Diamond-based tools can do more damage and last longer in Minecraft. The only pickaxe that is important to gamers is the diamond pickaxe. You need a diamond pickaxe to mine obsidian and a fictional material called netherite, both of which are important for endgame activities such as enchanting tables and making netherite equipment.
After training the VPT how to perform various Minecraft tasks, authors used a "fine tuning" approach that created a reinforcement learning neural net to make a diamond pickaxe much faster than normal.
Newsfordummies.com
They write, "To demonstrate the efficacy RL fine-tuning,"
This is hard for humans. It takes them twice as long to complete, if at all.
Doing so involves acquiring a sequence of difficult-to-obtain items that require complex skills like mining, inventory management, crafting with and without a crafting table, tool use, operating a furnace, and mining at the lowest depths, where many hazards like enemies and lava exist (Fig. 6).

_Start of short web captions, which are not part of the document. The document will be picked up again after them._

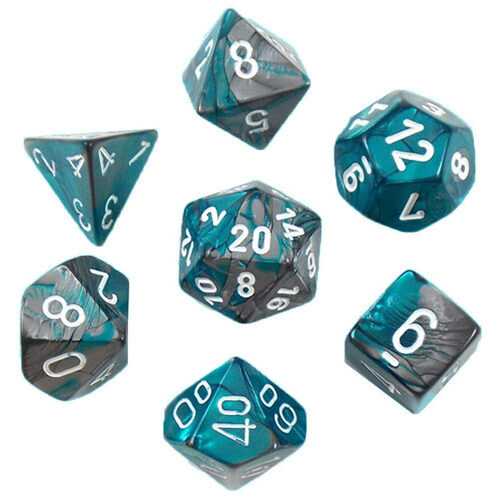 

Игровые кубики Gemini Poly 7 Set: Steel-Teal/White Chessex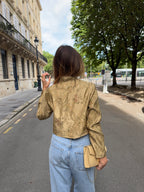 Veste courte upcyclée satinée dorée à motifs vintage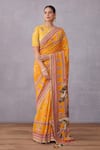 Buy_Torani_Yellow Crepe Silk Sunehra Aashvani Saree _at_Aza_Fashions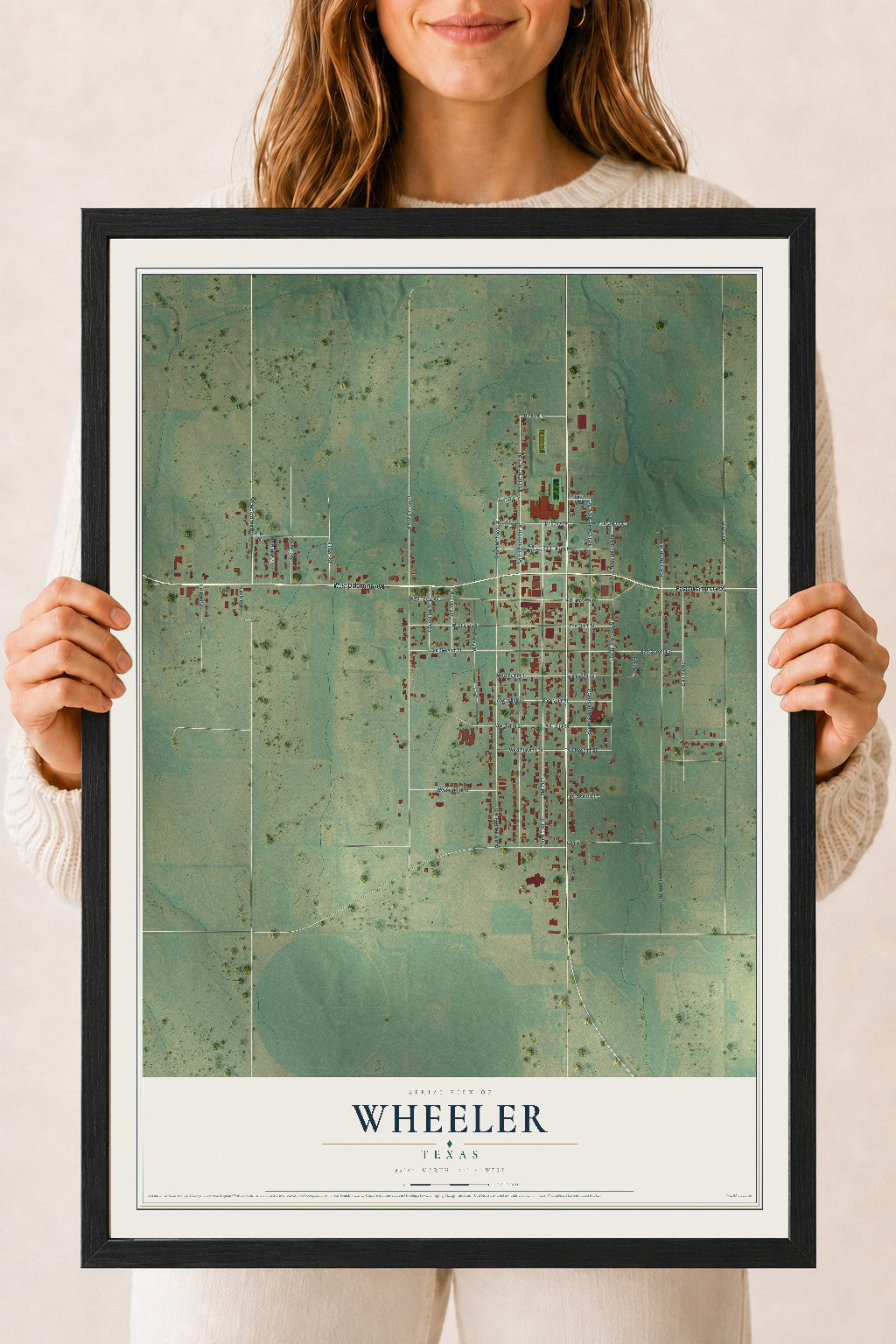 Map of Wheeler, Texas, 18 x 24 inch print in a black wood frame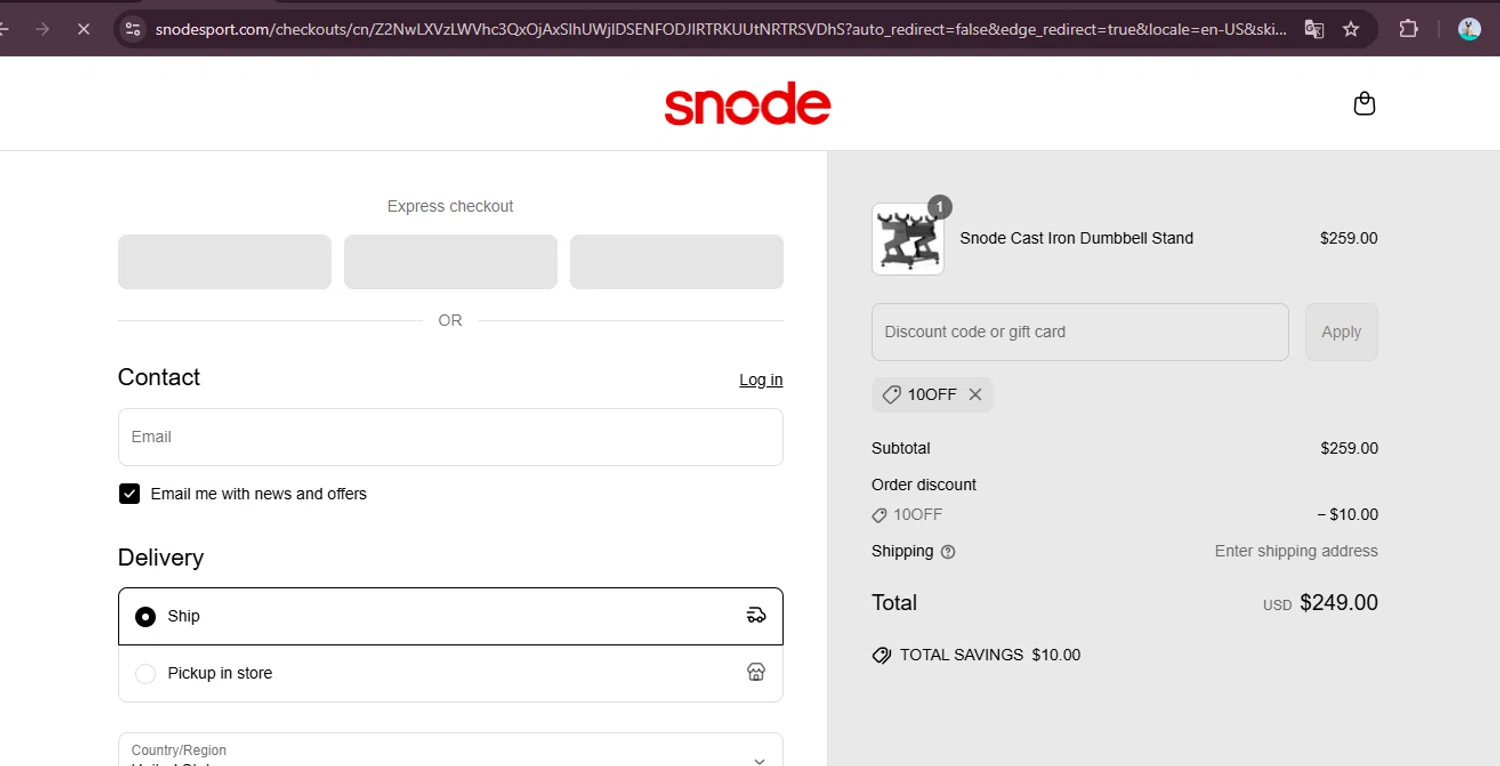 Snode Sport promo code screenshot showing code 10OFF applied at Snode Sport checkout page. Uploaded by SimplyCodes community member elgatobravo on Jun 15, 2025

Adding to the difficulty, progress can be easily lost by dropping items, destroying items, or dying. It takes a skilled human more than 20 minutes (24,000 steps) to get a diamondpickaxe.

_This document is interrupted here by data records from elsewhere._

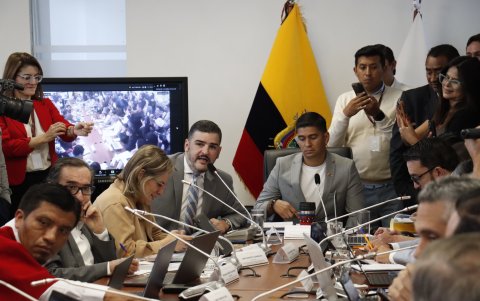 Aquiles Álvarez, alcalde de Guayaquil, acudió a la Comisión de Garantías Constitucionales para hablar del Porsche de isla Trinitaria.
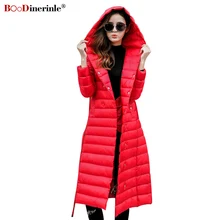 Женское ультра легкое белое пуховое пальто, зимняя длинная приталенная пуховая куртка для женщин размера плюс, теплая верхняя одежда с капюшоном, парка с поясом YR090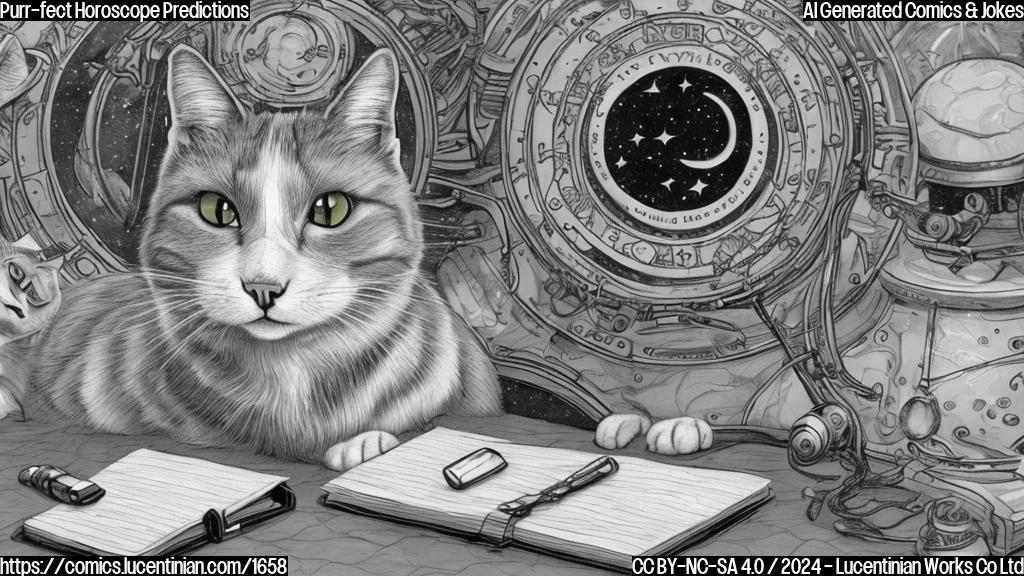 Draw a cartoon-style picture of a curious, grey and white cat sitting at an astrology desk with a star chart in front of it. The cat has a miniature calculator and a notebook, looking very focused.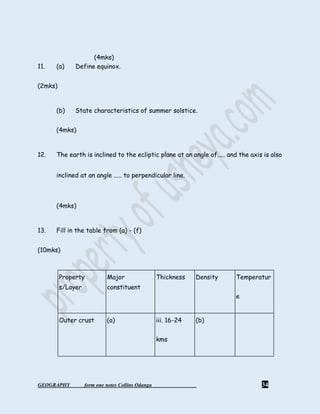 Geography form 1 notes, kenya syllabus | PDF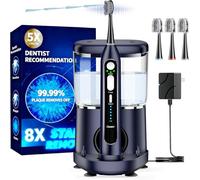 Brosse à dents électrique avec hydropulseur pour adultes, 5 vitesses de fil dentaire et 3 modes de brosse, réservoir de 500 ml, batterie de 30 jours, pour adultes et adolescents, gencives, appareils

In assembling both the contractor data and the unlabeled 70,000 hours of Web video, the authors were mindful of the prospect of offensive content. The contractors could theoretically use Minecraft’s open-world property to generate personally identifiable data and/or offensive material (e.g. "The contractors could theoretically use Minecraft's open-world property to generate personally identifiable information and/or offensive content (e.g., by using Minecraft blocks for their names or offensive message, and then finding a spot where the message would appear)," they write. However, they didn't see it in the videos of contractors that the authors saw.
"Of course we train our BC [behavioral-cloning] models based on videos of people playing Minecraft online, and if such behavior appears in those videos our model might also learn it, but we expect such behavior to be rare enough that our model wouldn't be able to reproduce it," they write.
Where is this general agent going next? The idea is that having conquered diamond axes, VPT, or its offspring, can do all kinds of things that a person might do with a mouse and keyboard, including booing tickets, surfing social media, or navigating maps.